I decided to start in Norway.  Of all the places on earth,  it was for his work here that Slartibartfast won his award.   It is while searching here that I hope to find his name etched into the side of a cliff.   I'm here to explore the fjords by kayak,  one of the most magnificent geological features on earth, and I'm really excited.

The plan was to arrive in Oslo on Wednesday, pick up a sim card, charts, and cooking gas.  Today I take a train up to Alesund and tomorrow, Friday, I begin paddling in the Valley Aquanaut that Lidun Hareide generously offered to lend me.
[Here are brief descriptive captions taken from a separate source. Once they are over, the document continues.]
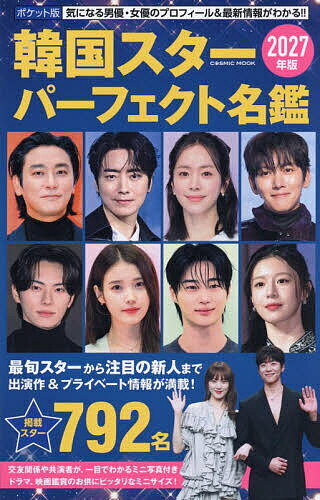 韓国スターパーフェクト名鑑 ポケット版 2027年版／「ポケット版韓国スターパーフェクト名鑑」製作委員会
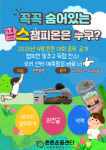 튼튼운동센터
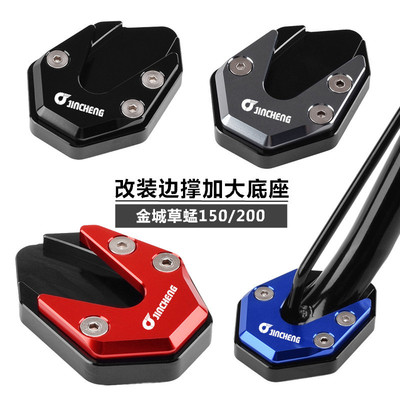 金城草蜢JC200T改装边撑加大座 草蜢150脚撑加大垫 侧撑底座配件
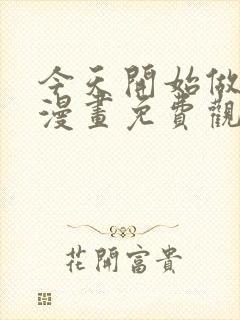 今天开始做女神漫画免费观看下拉式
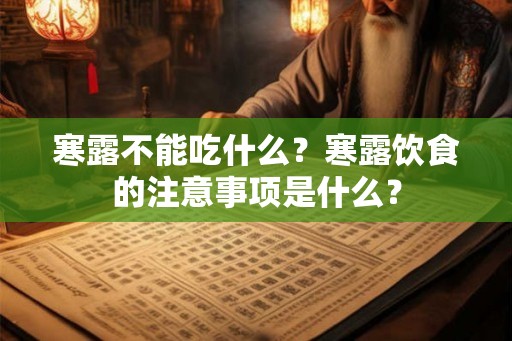 寒露不能吃什么？寒露饮食的注意事项是什么？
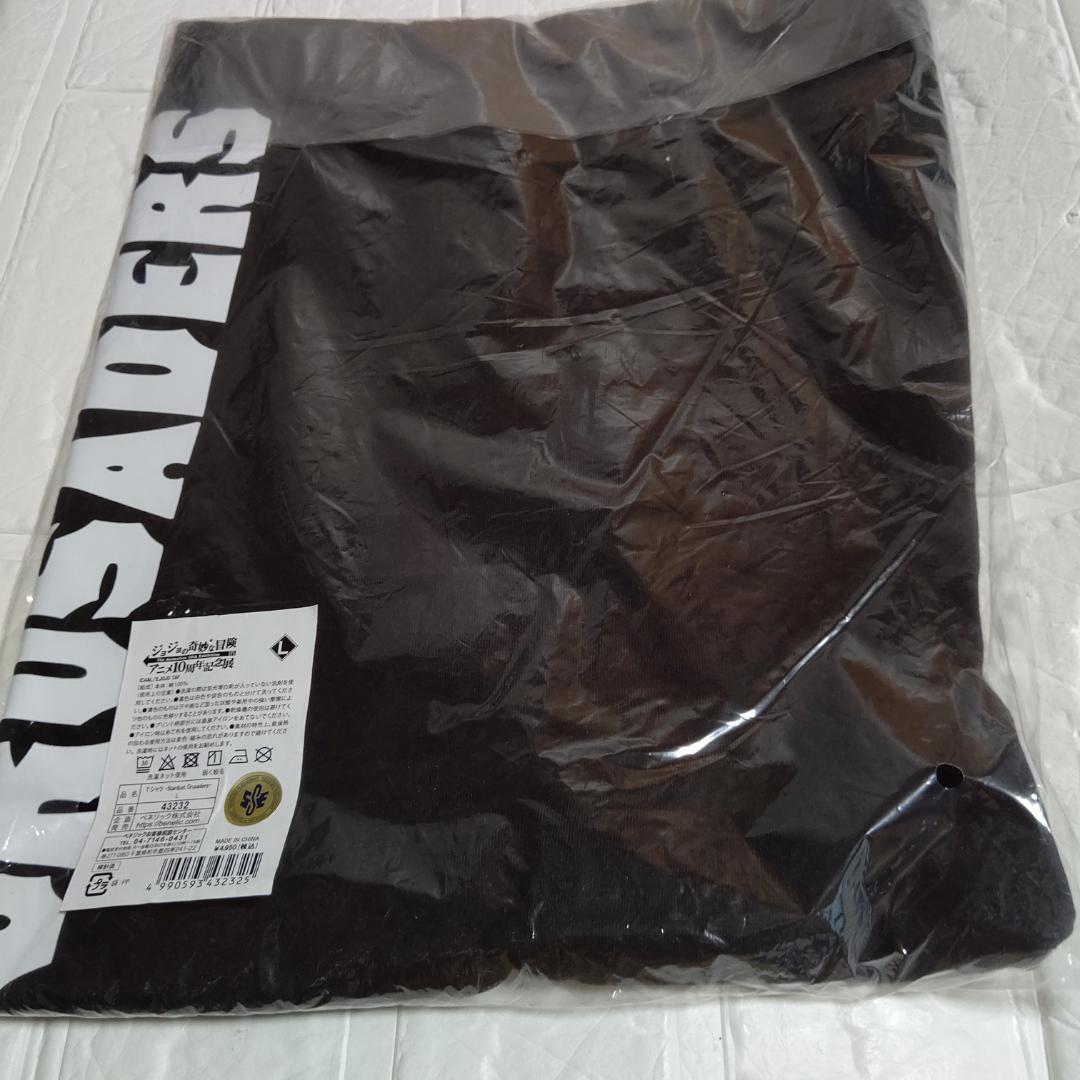 【新品】「ジョジョの奇妙な冒険 10周年記念展」 tシャツ 受注限定 Lsize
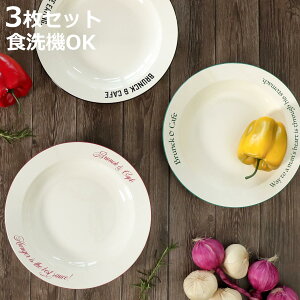 v[g 24cm M BrunkCafe vX`bN F3Zbg i H@Ή dqWΉ M M [M  vX`bN y ɂ Eh pX^M J[M  jy3980~ȏ㑗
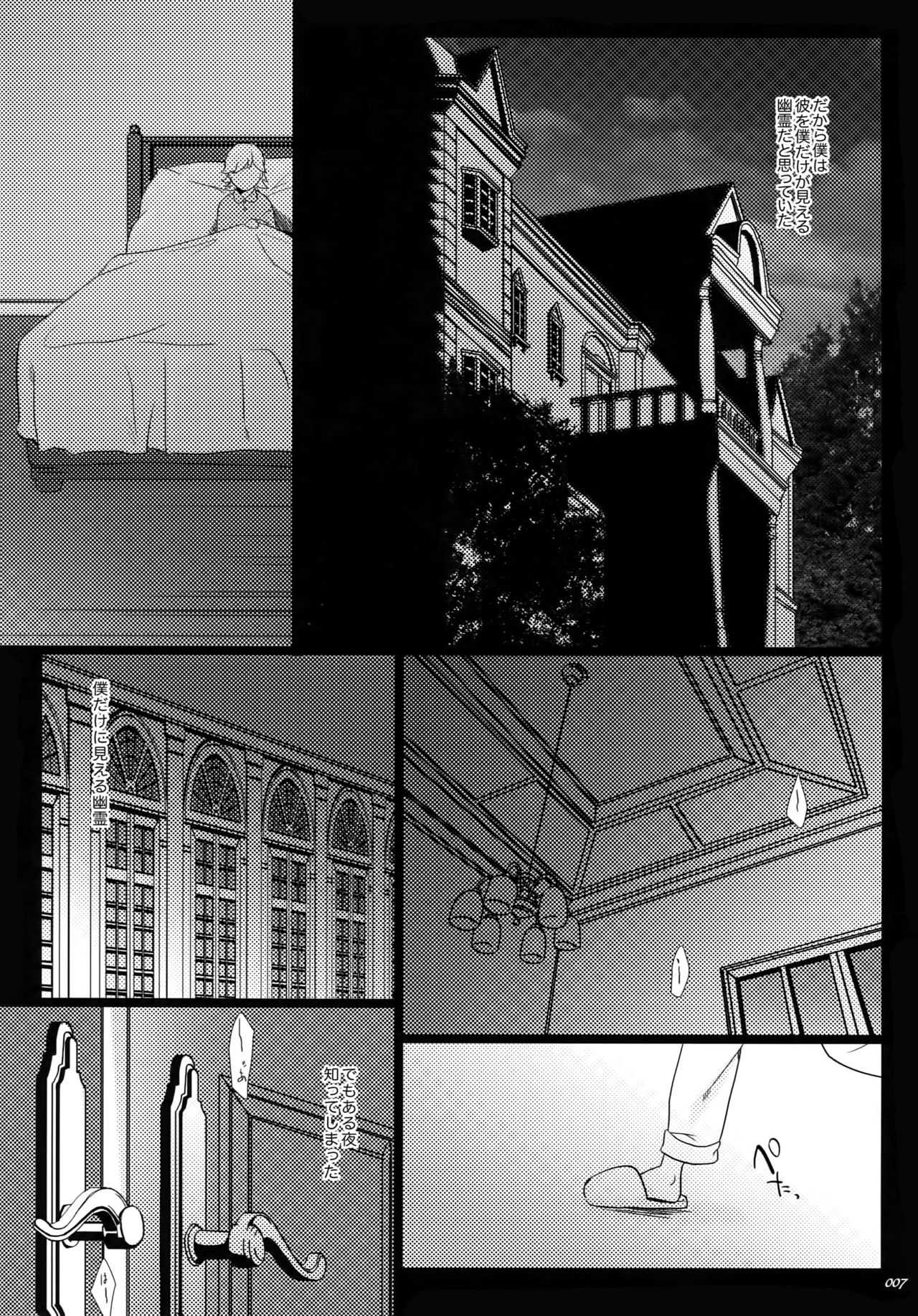 Yogosa Reta Mofuku page 6 full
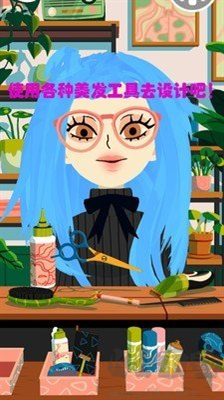 瘋狂的理發師游戲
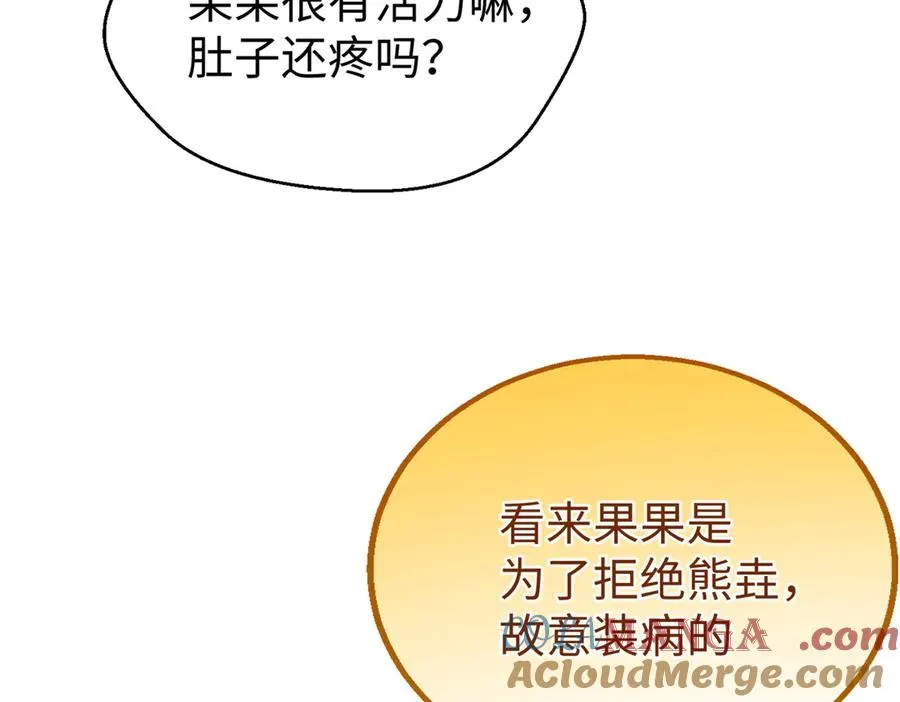 94 果果怀孕了 第37页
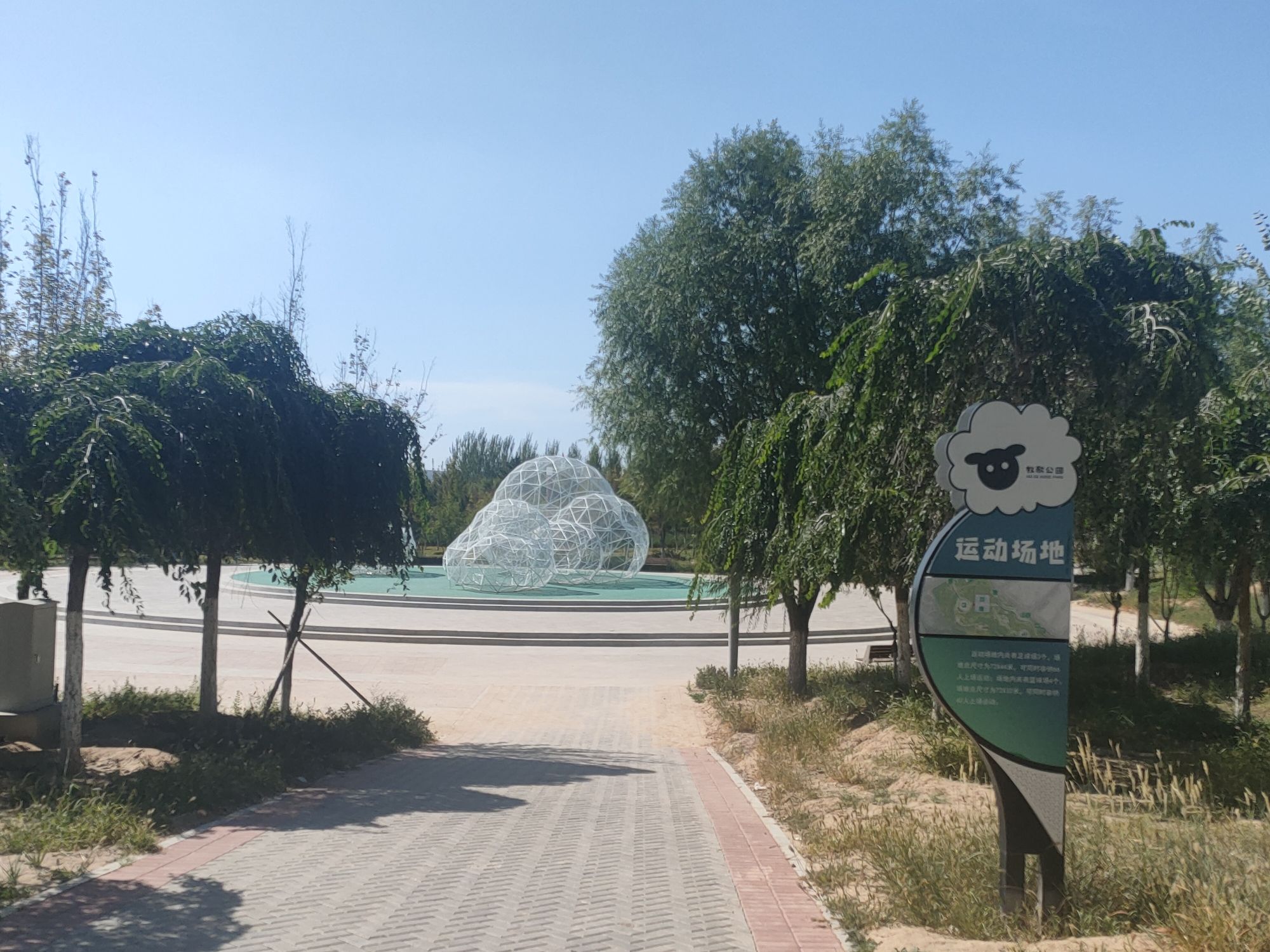 牧歌公园旅行图片 3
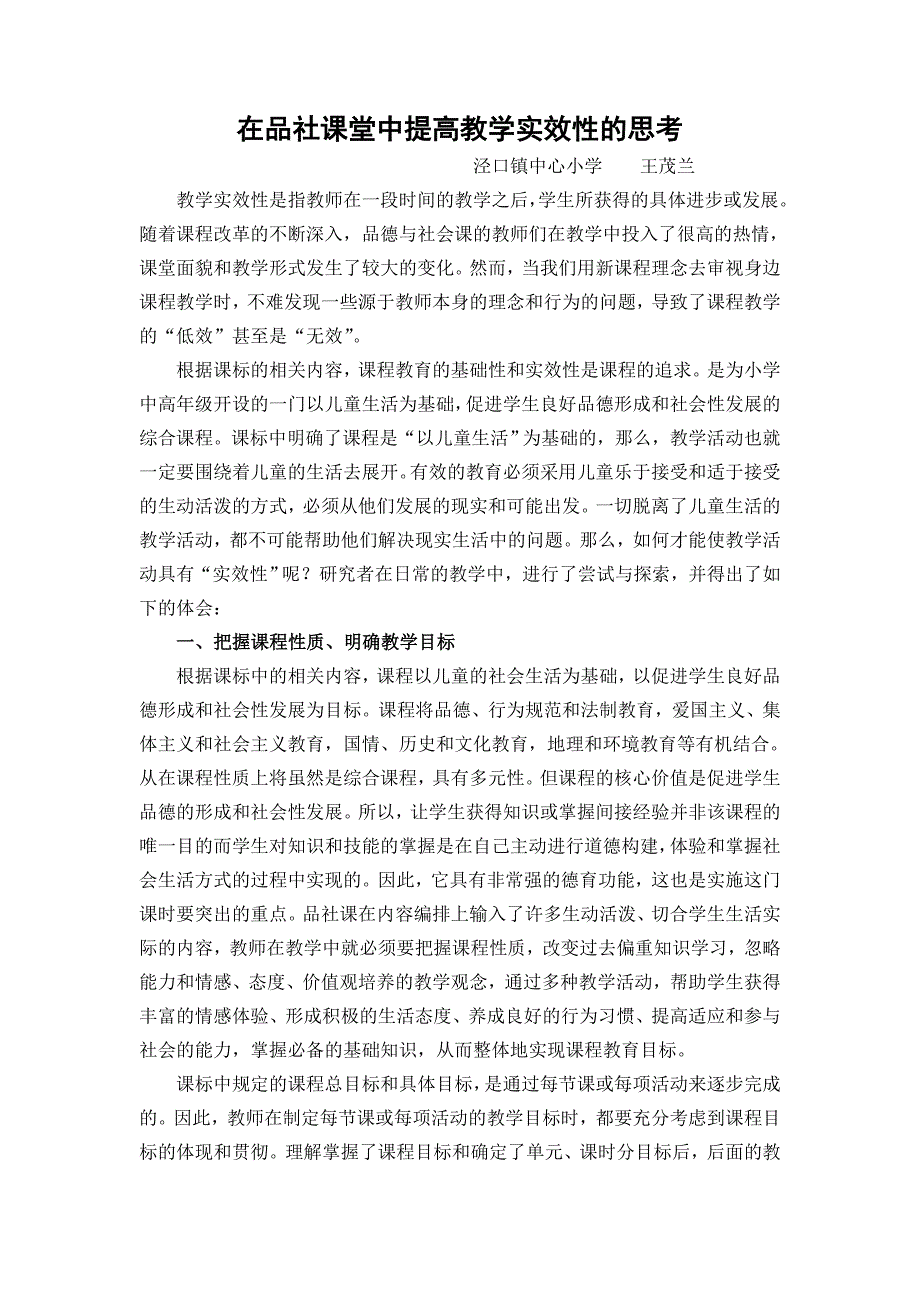 在品社课堂中提高教学实效性的思考_第1页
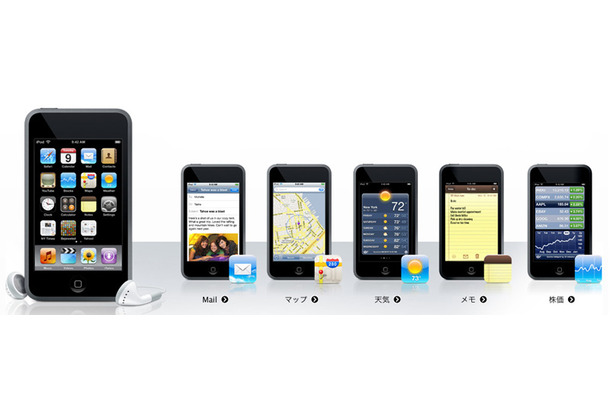 新機能が追加されたiPod touch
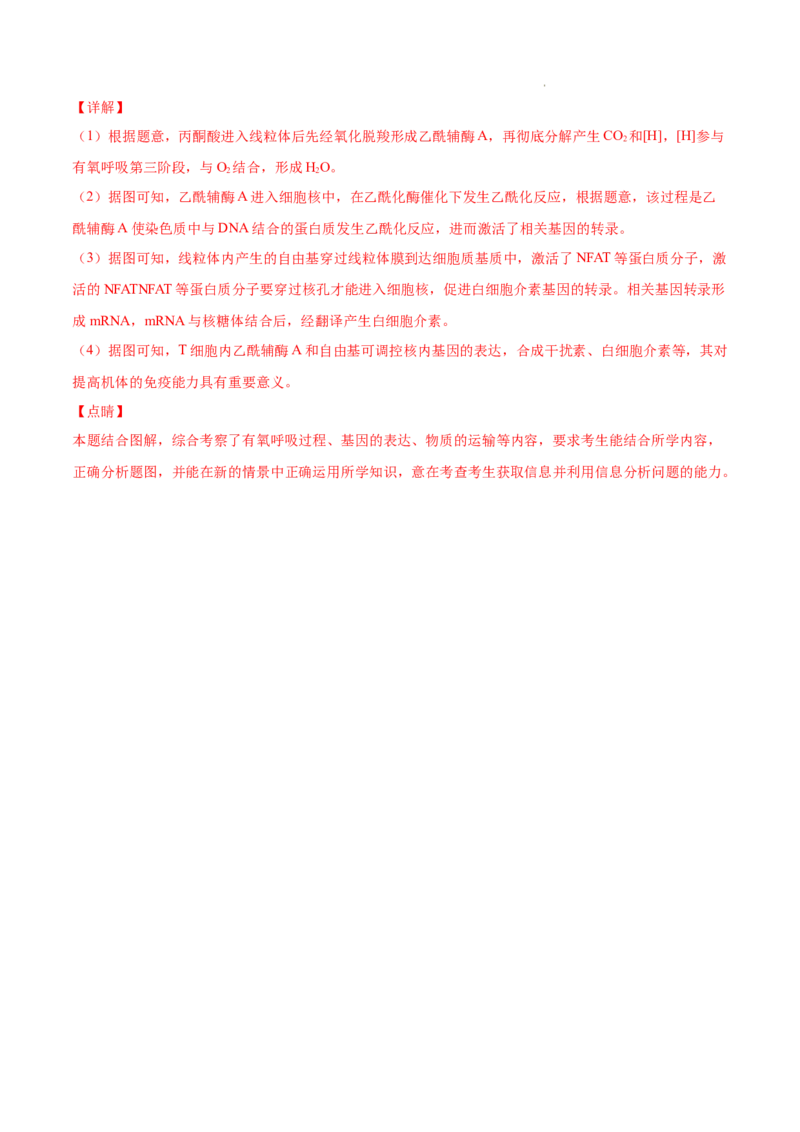 专题03光合作用和细胞呼吸-三年（2020-2022）高考真题生物分项汇编（全国通用）（解析版）_高考真题分类汇编(2012-2022)生物_高考真题分项汇编(2020-2022)生物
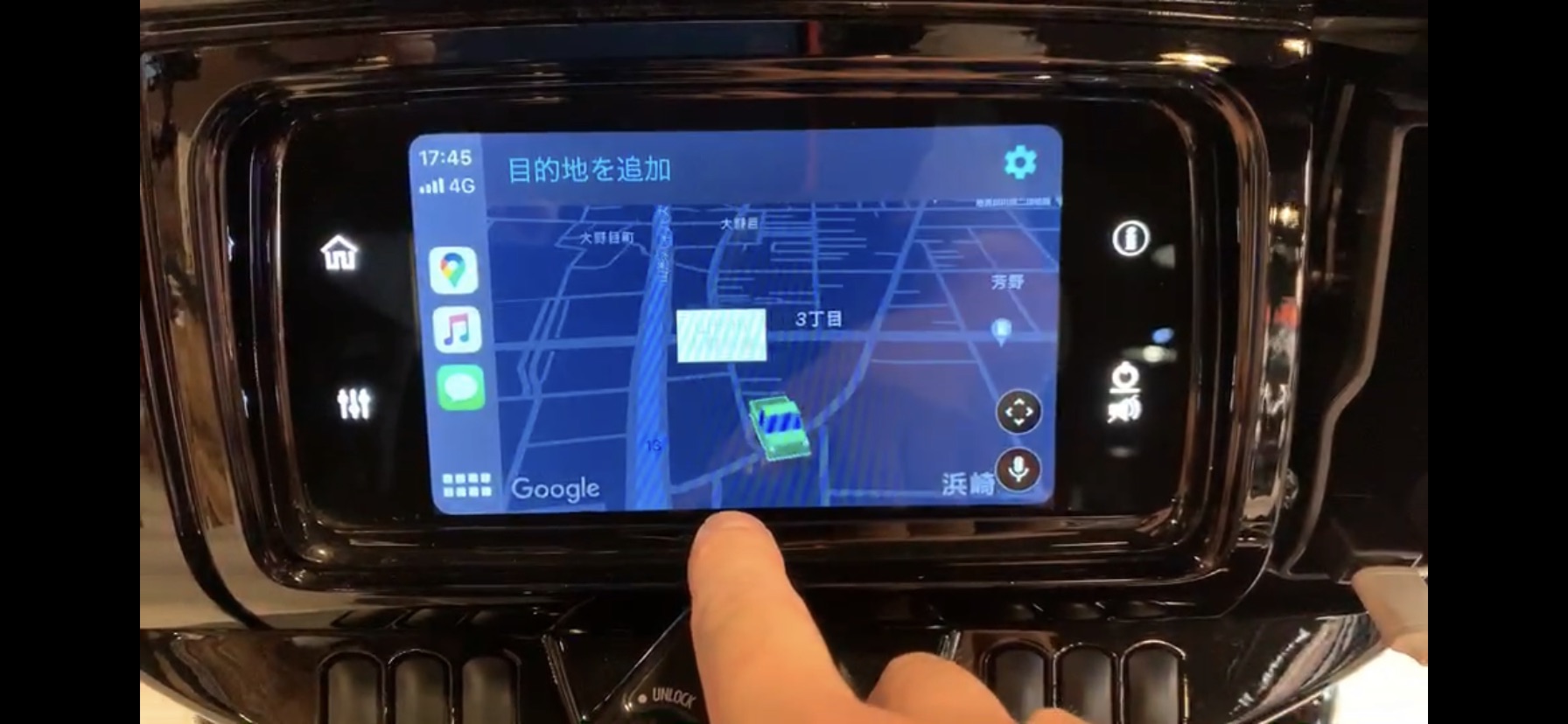 ナビが使える！音楽が聴ける！BOOM!™BOX GTS｜バイク・自転車の購入修理ならハヤサカサイクル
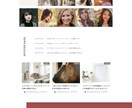 あなただけのWEBサイトを寄り添い制作します 新規での立ち上げやリニューアル時にオススメです！ イメージ3
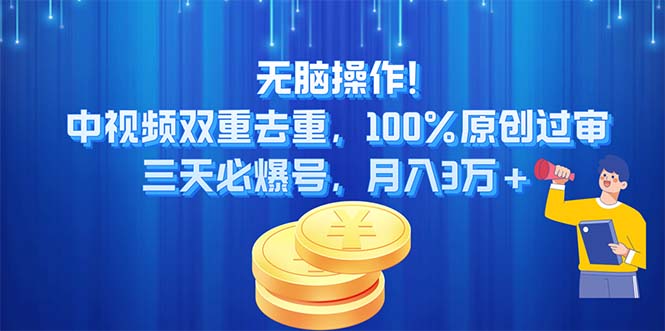 无脑操作!中视频双重去重，100%原创过审，三天必爆号，月入3万+-CAA8.COM网创项目网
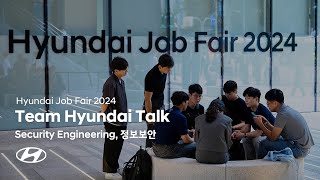 Team Hyundai Talk Security Engineering 정보보안 [upl. by Galang]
It's a tight schedule, but if I don't pick up the boat Friday morning than Lidun will be off to Spain and I'll be out of a boat.   But enough time for everything and everything has a time.


After flying over a vast field of summer snow mountains the plane landed in Oslo.  After a short conversation about the purpose of my stay, an officer stamped my passport and welcomed me to his country.   The next step was picking up my duffel bag.   I waited at the carousel until the belt stopped moving; my bag never came.

It wasn't at either of the two alternate locations for big bags either.  I filled out a form explaining where I’d be that night, and the night after that.   After that,  I didn't know where I'd be, especially without my gear.

In Norway you can take the train from the airport by swiping your credit card like you do a metrocard in NYC.

Once in Oslo,  I picked up the charts waiting for me at the chart shop.  They cost about $100 because Norway is expensive.  I began the half hour walk to the same hostel I stayed in before my last expedition.  I was proud that I remembered my way.

I needed a bathroom.  I stopped in a cafe and asked "Toilet?"   The woman behind the counter gave me a lengthy answer in Norwegian that had the ring of "Only if you order something"  to it.

I continued my walk and passed a hostel.   It wasn't the one I was staying in, but still worth a shot. 

 "Hi.  Can I use your bathroom?"

"Sure,  it's right over there."

I liked using the bathroom.  I did what I had to do and then walked another twenty minutes to my hostel.  I checked in, found my bed, and set my things down, my carry on pack and my map case.  Only I didn't have a map case.  I searched my jet lagged brain for an explanation and found one.

I walked back to the bathroom hostel, and sure enough my map case was next to the toilet where I left it.   I returned to my sleeping hostel.   On the way I passed two thin tall blond bicycle cops in bicycle shorts patting down a miscreant.

A day earlier I went through preflight security.  I declined to go through the machine that irradiates people to nudity. A heavy-set security guard informed me that he would pat me down.  When patting my genitals and buttocks he would use the back of his hand.

"Okay.  Just because you're using the back of your hand, doesn't mean I'll enjoy it any less,"  I didn't tell him.  I didn't enjoy it either, but I wish I had.

When I die, I want to go to Norway.

Later in the afternoon I bought fuel for my stove and food for a few days.

I tried to get a sim card for my phone.  The sales lady and I spent two hours failing to make it work.  A second card didn't work either.  My second hand phone is supposedly unlocked, and I didn't have any trouble slipping an American sim card into it.  But here in Norway, it didn't work.

My Logistical Support Coordinator (LSC) in New Jersey (NJ) called me. I wrote down his number as my home phone number on the lost luggage claim. The delivery man had my bag and was looking for me near the hostel. I should call him pronto.

I went down to the front desk and explained the situation to the receptionist. Yes, I could use their phone to direct the delivery man to me.

"Hi, I'm Neimand. Do you have my bag?"

"I left it at the reception," the delivery man told me.

I looked over the desk and saw my big blue duffel bag besides the receptionist.

* Jewish tradition says I max out at 120. I've got 89 years and counting.  So little time, so much to do.